But neither Tuesday's legal ruling in San Francisco nor the statehouse action in Olympia, Washington will immediately alter the status quo for gay couples.

The outcome of the court challenge in California is likely to remain stayed until the appeals process finishes running its course, and the Washington state measure cannot go into effect before early June.

Supporters are pushing similar statutes in Maryland and New Jersey, and a referendum to legalise gay marriage in Maine has qualified for the November ballot there.

Wednesday's debate grew emotional at times, with the bill's chief House sponsor, Representative Jamie Pedersen, a Democrat who has four young children with his gay companion of 10 years, arguing that the state's domestic-partnership law falls short.

"I would like our four children to understand ... that their daddy and their papa have made that lifelong commitment to each other," he said. "Thousands of same-sex couples in our state deserve the respect and protection from our government that only marriage can convey."

Marriage about love

Representative Jay Rodne, a Republican who said he was guided by his Roman Catholic faith to oppose gay marriage, said the measure was tantamount to "progressive re-engineering in its most extreme and damaging form.

"This bill is about validation. This bill is about acceptance ... . Marriage is not about self-actualisation, validation or acceptance," he said. "Marriage is about life."

But his Republican colleague, Glenn Anderson, spoke in favour of the bill, referring to his gay brother and drawing a parallel between Jim Crow racial segregation laws in Alabama, where he grew up, and contemporary laws barring same-sex marriage.

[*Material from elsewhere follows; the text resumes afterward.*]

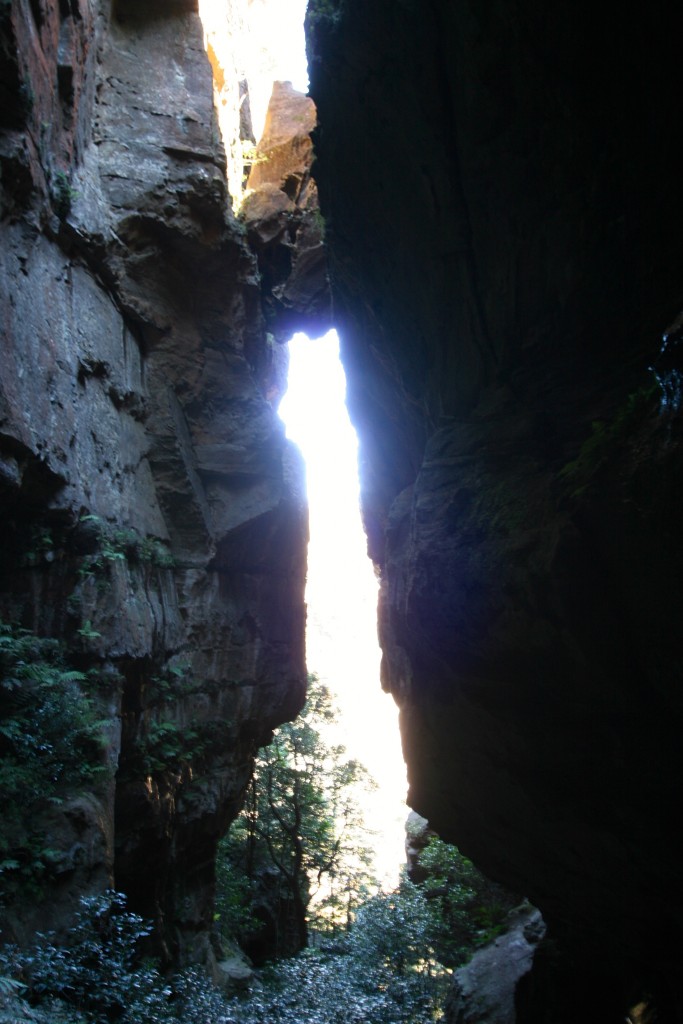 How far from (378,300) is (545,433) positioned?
13.0 ft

Gregoire, in a statement issued after the vote, said Washington state would "no longer deny our citizens the opportunity to marry the person they love".

"We tell every child of same-sex couples that their family is every bit as equal and important as all other families in our state," she said.

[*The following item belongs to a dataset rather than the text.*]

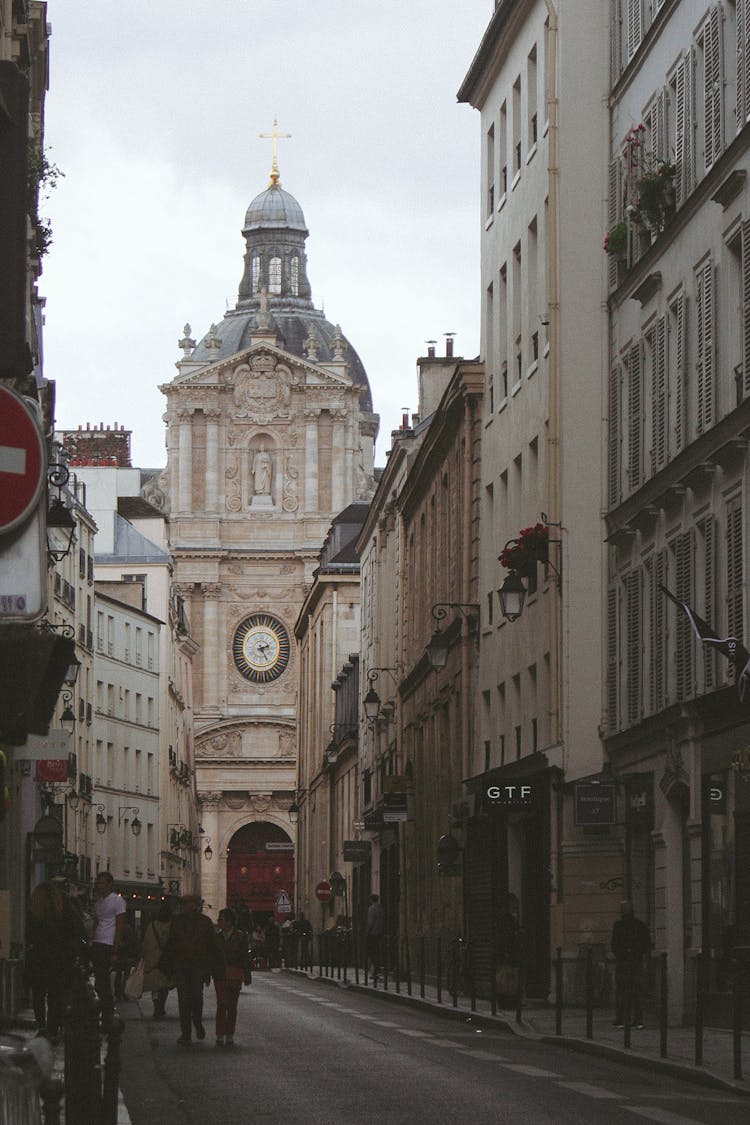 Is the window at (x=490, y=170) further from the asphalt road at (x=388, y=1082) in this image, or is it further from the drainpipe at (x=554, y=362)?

The bill is to be formally delivered to Gregoire's desk by the end of the week. She will then have five days to sign it, not including Sunday. That timetable has led to speculation of enactment coming next Tuesday, Valentine's Day.

Repeal referendum

But the law would not take effect before June 7, three months after the conclusion of the legislative session.

Opponents of same-sex marriage said they would seek to overturn the legislation via one of two ballot measures - a referendum for repeal or an initiative defining marriage as the exclusive domain of heterosexual couples.

If a repeal referendum qualifies for the November ballot, the gay marriage law would be suspended until the election and certification of returns, meaning December 6, before it is either repealed or goes into effect.

But should gay marriage opponents pursue an initiative, gay marriages could take place on June 7, regardless of ballot-qualification efforts.

It was unclear whether gay weddings performed in the interim would be nullified if an initiative restricting marriage to male-female unions only were to pass in November.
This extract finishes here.